We need to make sure our motivation is pure.  We shouldn’t want others to change for ourselves, for example, so we no longer have to deal with their problems anymore.  We need to stop trying to change them.  We need to leave people to be completely free to change from their own side.  If we pressure people to change then even if they do it is not from their own side, and so it will not stick and not be meaningful.  We need to create an atmosphere of total respect and freedom for them to make their own decisions.  This is true even if they don’t do this for you.  In this space, we try set a good example.  The only real way to change others is to show a good example.  When people see our good example, and they see how it works better than what they are doing, they will naturally from their own side want to change.  We should only explicitly offer people advice if they ask for it, or if they are open to receiving it.  If they are not asking for it, then they will reject what we have to say as if we are shoving it down their throats.

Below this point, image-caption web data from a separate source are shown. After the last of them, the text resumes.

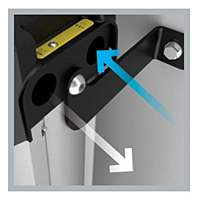 Flexible Piping & Installation Options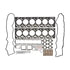 Cummins 4089819 Engine Top End Gasket Kit NEW ENGINE TOP END GASKET KIT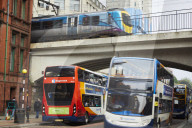 Andy Burnham is taking back the buses – and it could be transformative. Privatisation and austerity have decimated Britain’s bus routes. The Manchester mayor is intervening.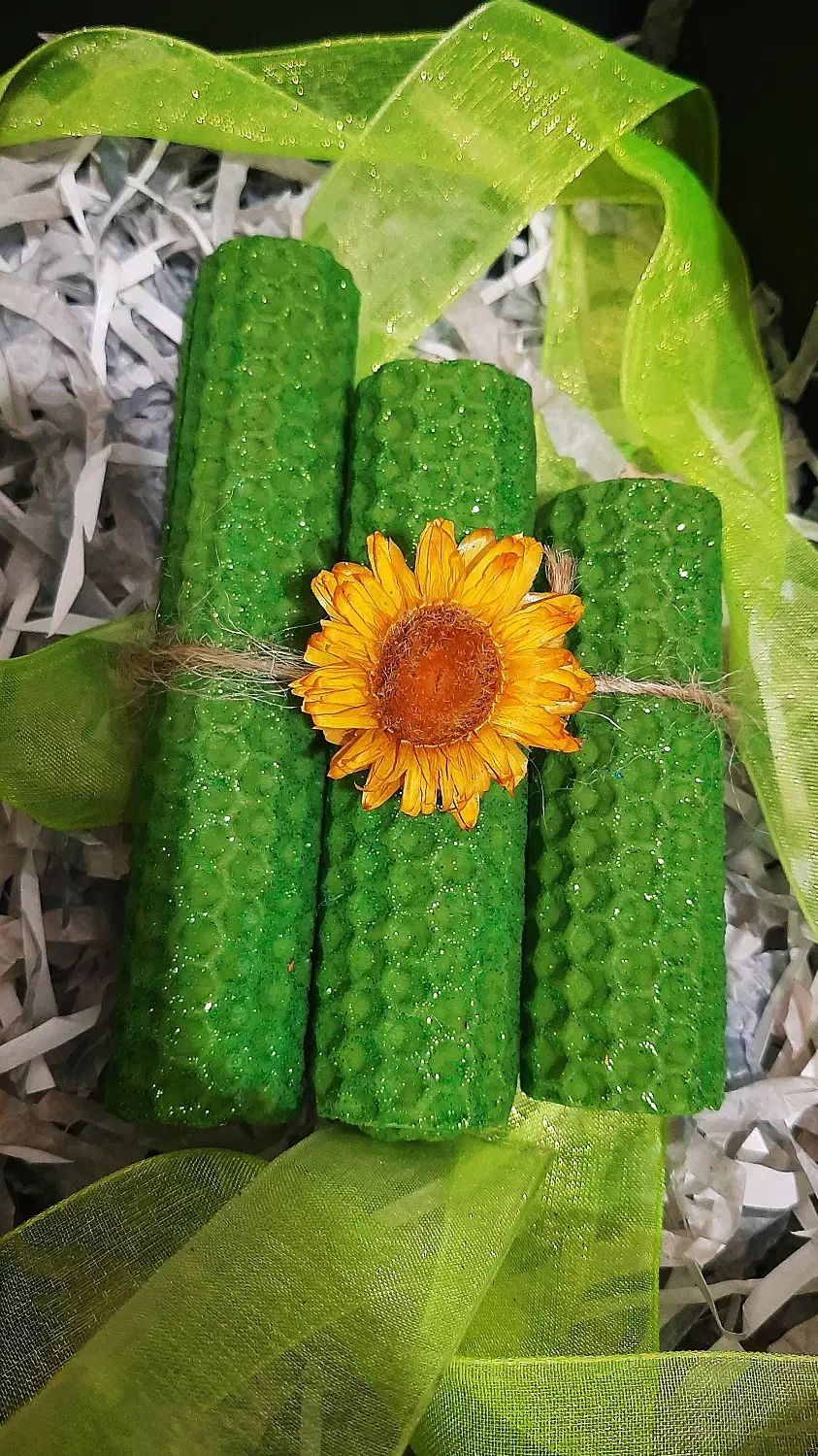 شمع|صنایع دستی و سایر لوازم تزئینی|فردیس, شهرک ناز|دیوار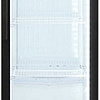 Торговый холодильник Бирюса B390D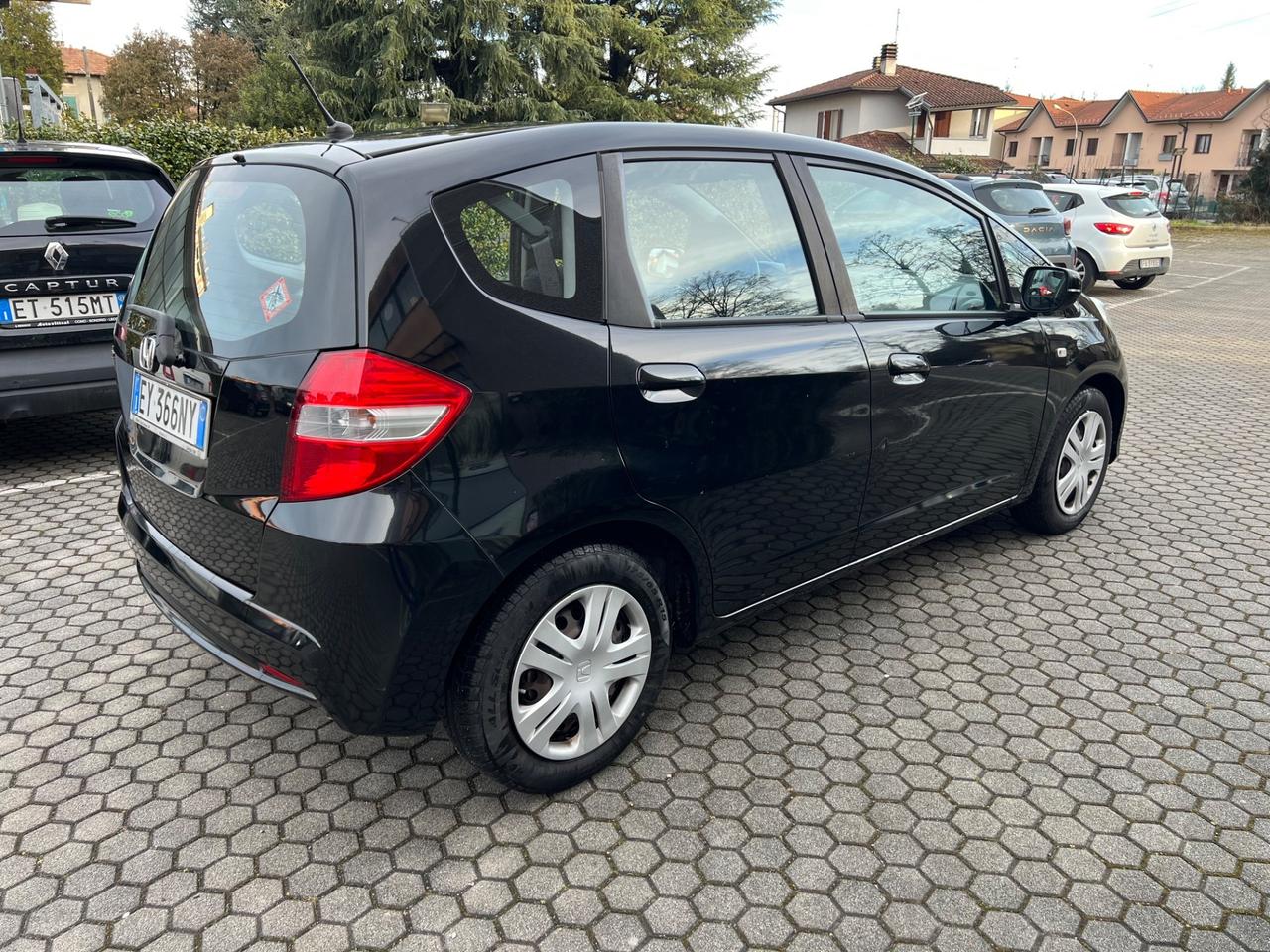 Honda Jazz 1.2 i-VTEC Trend*NEOPATENTATI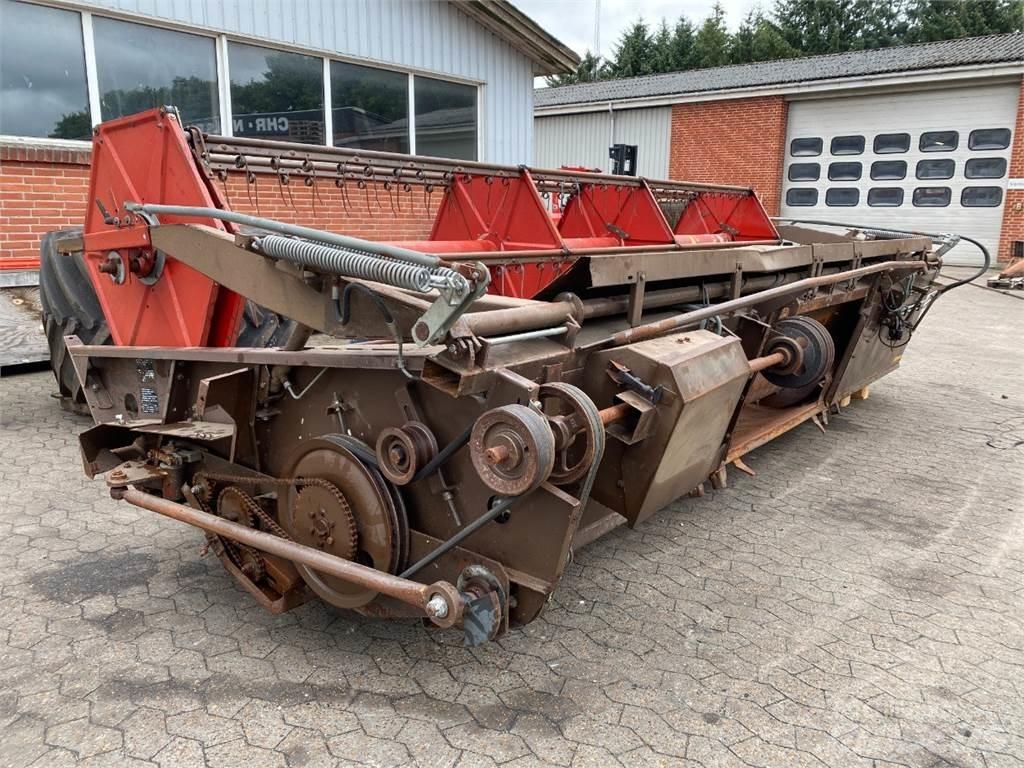 Dronningborg 16 Combine harvester spares & accessories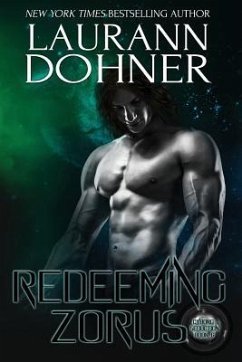 Redeeming Zorus - Dohner, Laurann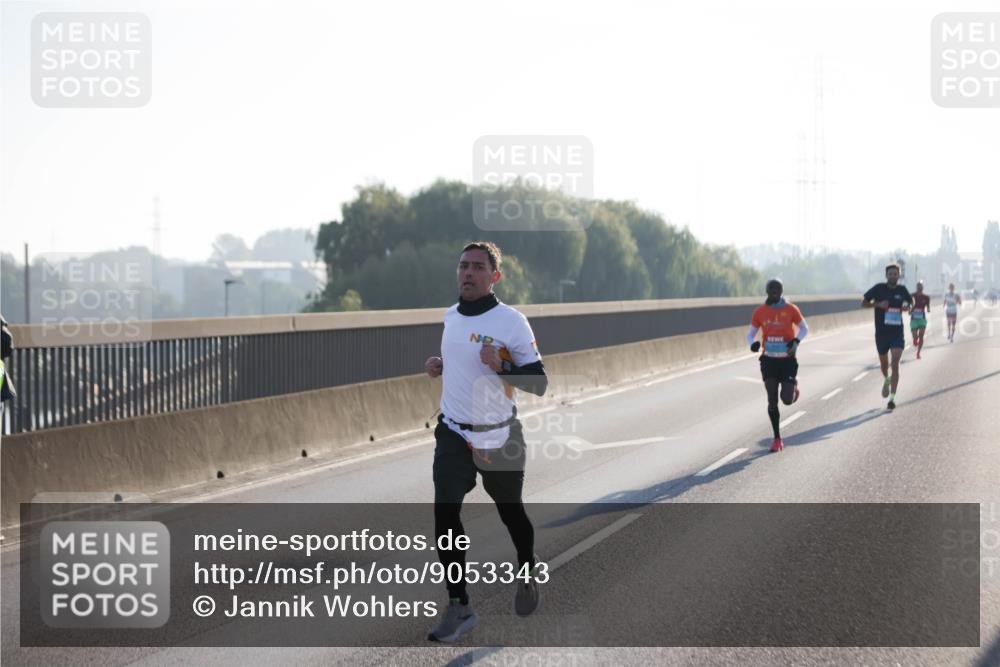 03.10.2025 - Köhlbrandbrückenlauf Jannik Wohlers http://msf.ph/oto/9053343 03.10.2025 09:10:47 Position 3  meine-sportfotos.de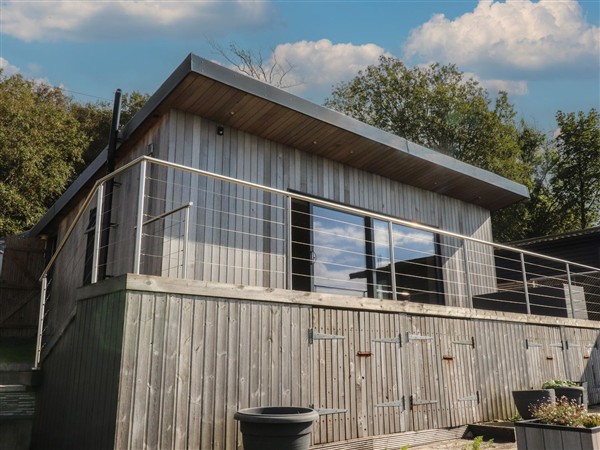 Heath Hideaway, 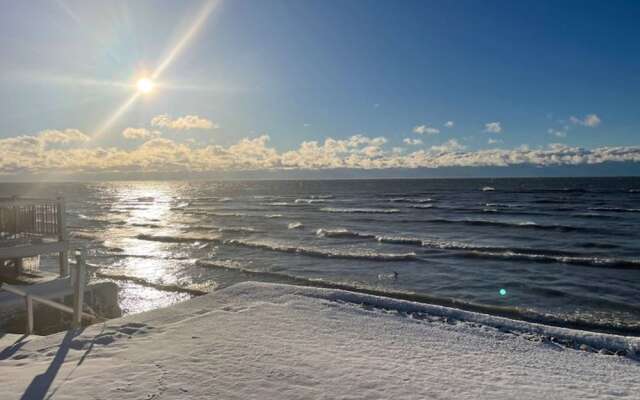 Waterfront W Private Lake Access Indoor Fireplace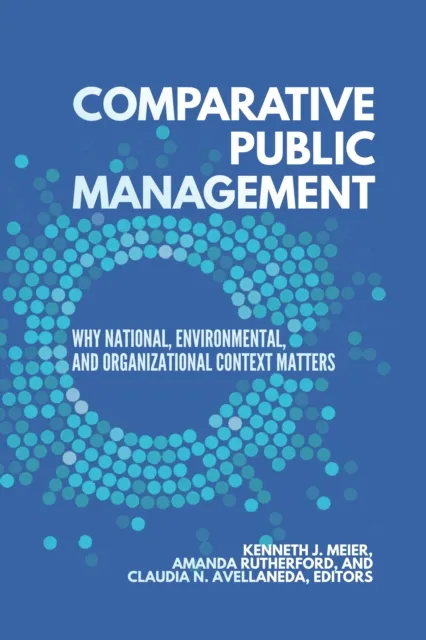 Comparative Public Management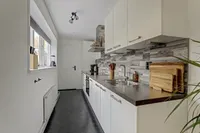 Bachstraat 9, Leeuwarden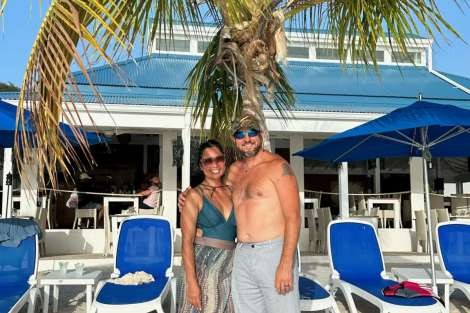 Review img # 110 of the yacht SUN GODDESS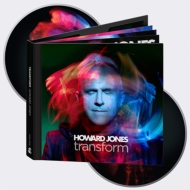 Transform [Deluxe Edition] (2CD)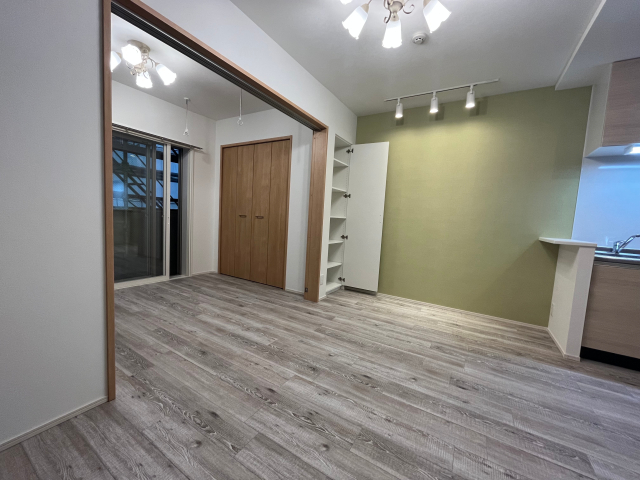 居室・リビング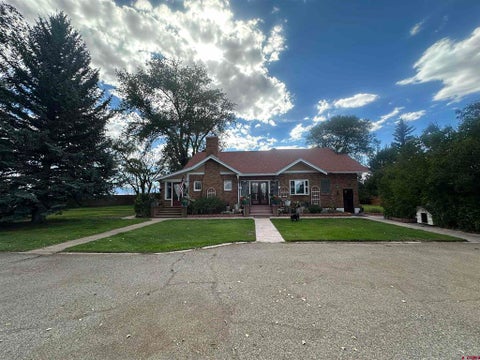 Photo of 3165 Highway 160 E, Monte Vista, CO 81144 (MLS # 838419)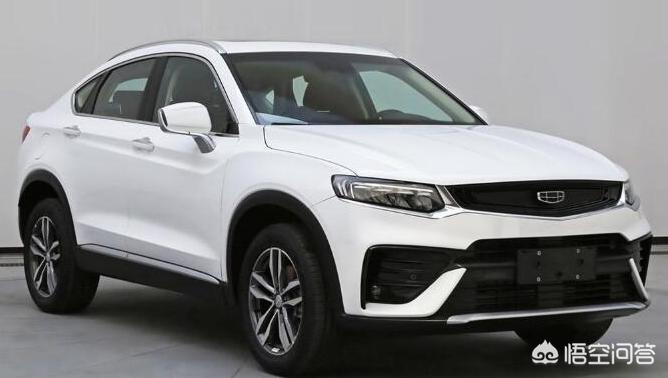新宝马x6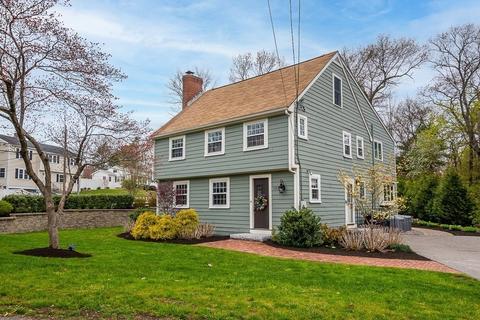 130 Ledgewood Rd, Dedham, MA 02026 photo 1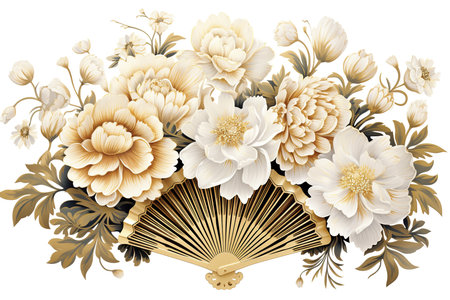 Floral Background Floral Wallpaper Floral Image Flower Background Flower Image Flower Wallpaper Floral Illustrationの素材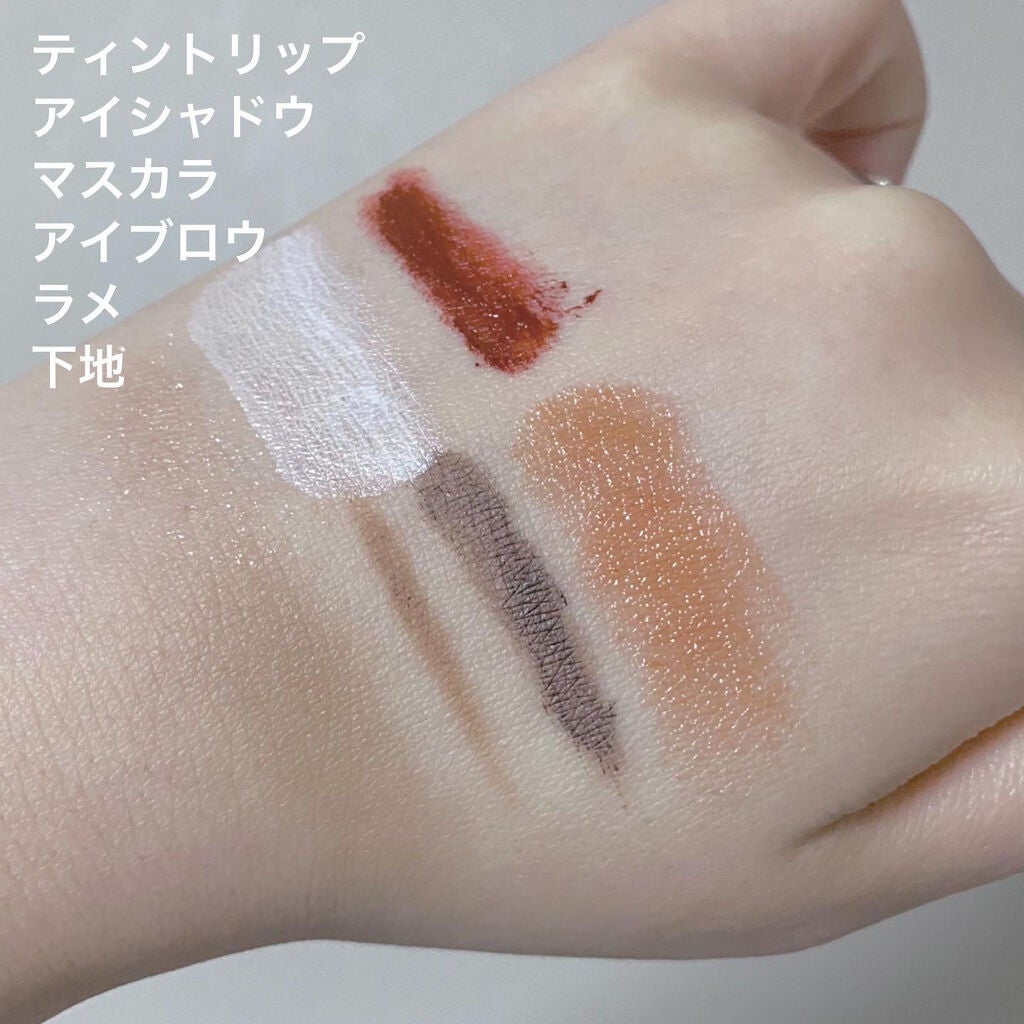 クレンジングバーム/サナ ラクトステップ/クレンジングバームを使ったクチコミ(3枚目)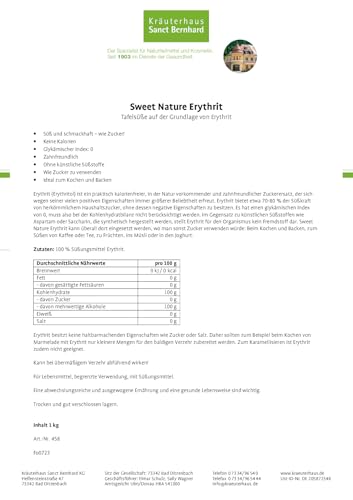 kr-uterhaus-sanct-bernhard-sweet-nature-erythrit-tafels-e-1-kg image 4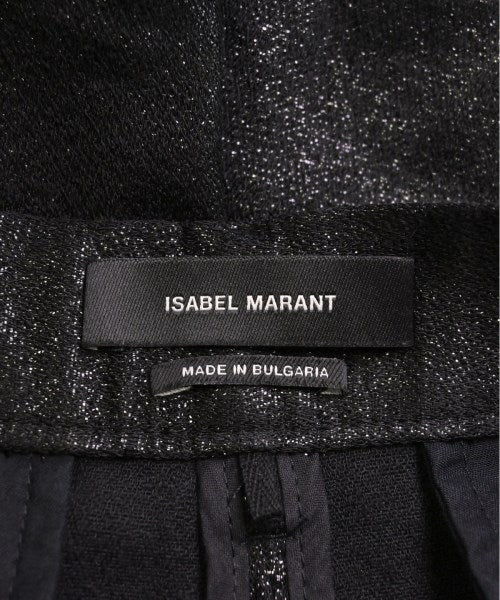 ISABEL MARANT กางเกงขายาว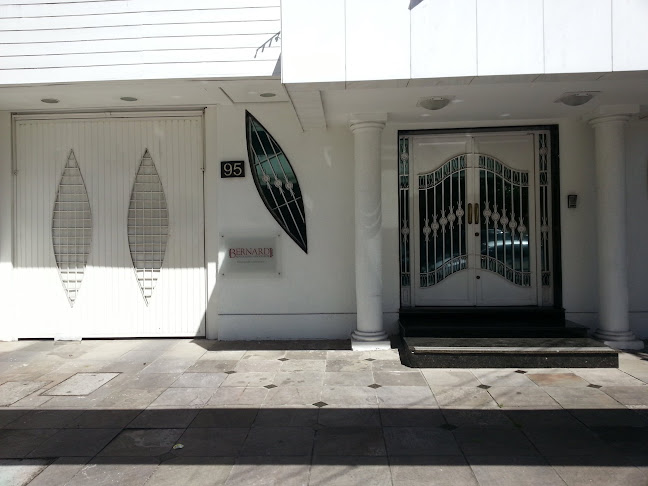 Avaliações sobre Bernardi & Advogados Associados em Porto Alegre - Advogado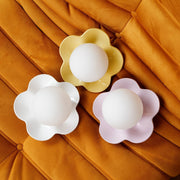 La fleur Wall Lamp - Aura Lighting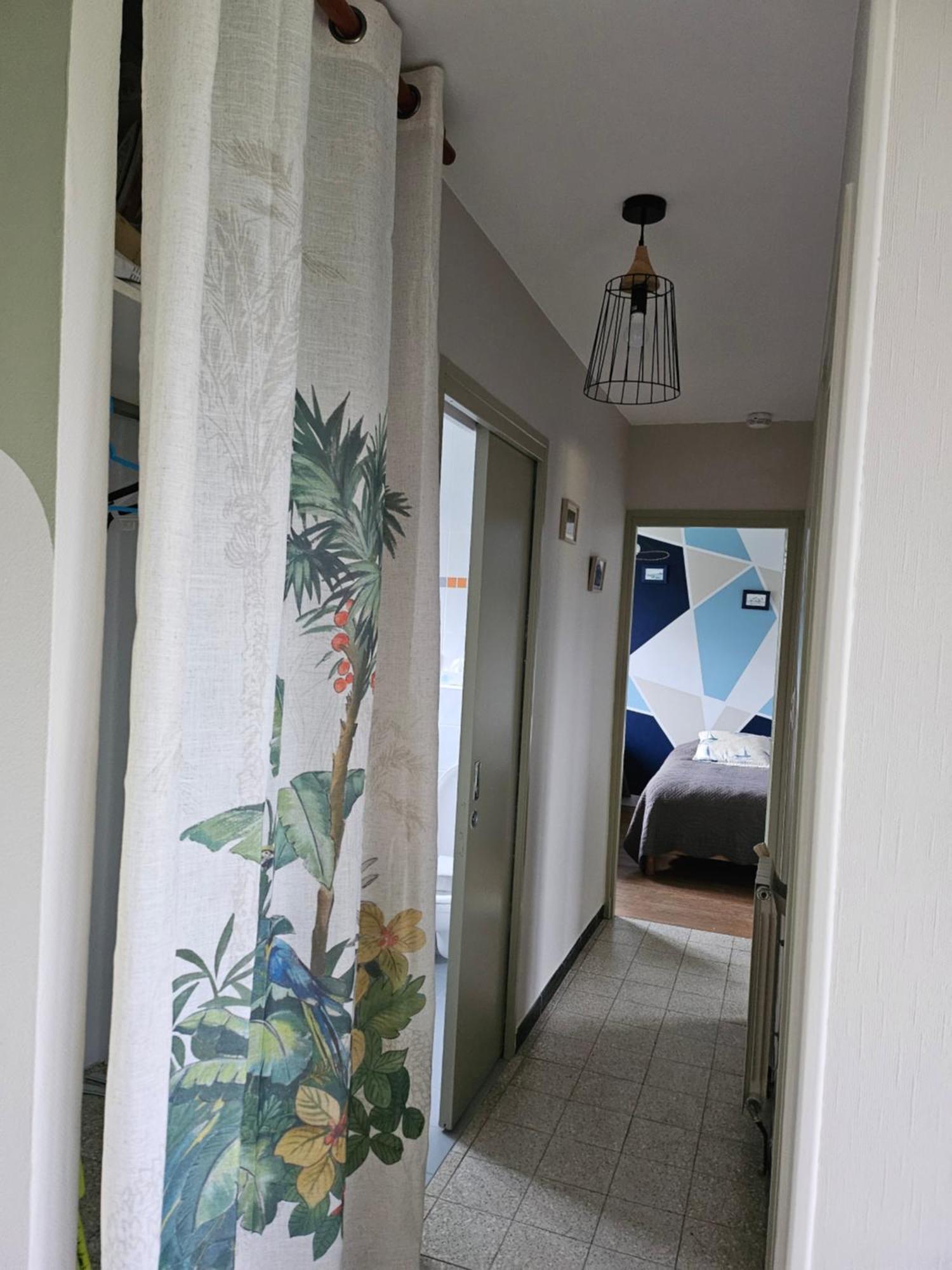 La Maison D'Henri Sailly-Flibeaucourt Ngoại thất bức ảnh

A really great way of doing this is to ‘own others’ faults as your own.’  We see others as mirror-like Buddhas who reflect back to us our own faults.  We then find that fault inside of ourselves, and purge it like bad blood.  There are several benefits of practicing like this.  We will be able to show the best possible example for the other person.  We will learn what you need to learn about how to overcome their biggest faults.  And, at the very least, we will have one less fault.

I know there are those who will think that it is a misuse of the Dharma to explain how we can use it to make our relationships more healthy, stable and rewarding.  But this is wrong.  First, most people come into the Dharma with the intention of fixing their lives.  If we do not respond to this need, they will turn to something else.  First we show them how they can fix the problems of this life with the Dharma, and on the basis of that experience we show them that they can also solve the problems of their future lives with the Dharma.  Second, this view grasps at our modern relationships as being inherently worldly.  All things are equally empty, so therefore all things are equally transformable.  It is our ignorance grasping at some things being intrinsically worldly that prevents us from bringing the Dharma into every aspect of our life.  This ignorance is actually quite common among many people, and they transmit this ignorance to other new people coming into the tradition.  This creates all sorts of inner turmoil for people.  They want to practice Dharma, but they don’t want to abandon their modern life, so they view the two as competitive with one another.  If they stick with the Dharma, they will have an extreme view and continue to transmit it to others, making them miserable in the process.  If they abandon the Dharma because “it asks too much of them”, then they lose everything.  Nobody wins from such a view.  Third, the primary task of our tradition right now is to attain the union of Kadampa Buddhism and modern life.  How can we do that if we are not allowed to bring the Dharma into our normal relationships and try use it to deal with our modern-day relationship challenges?

When Venerable Tharchin was on his long retreat, near the end he went to Geshe-la and said, “I am very close to enlightenment.  I know if I continue a bit longer I will make it.”  Geshe-la then told him that it was time to leave his retreat.  Venerable Tharchin was in shock because it was not the answer he was expecting!  Geshe-la then said, “If you stay up here, you will attain enlightenment, but you will become a ‘worthless Buddha’ because you will have no relationships with living beings.”  Our ability to help others depends upon the realizations in our heart and the quality of our relationships with others.  Eventually, we need to lead all beings to enlightenment.  We won’t even be able to begin to do so if we don’t first know how to have healthy, stable and rewarding relationships with others.  A Bodhisattva is a friend of the world.  This starts with the people in our lives.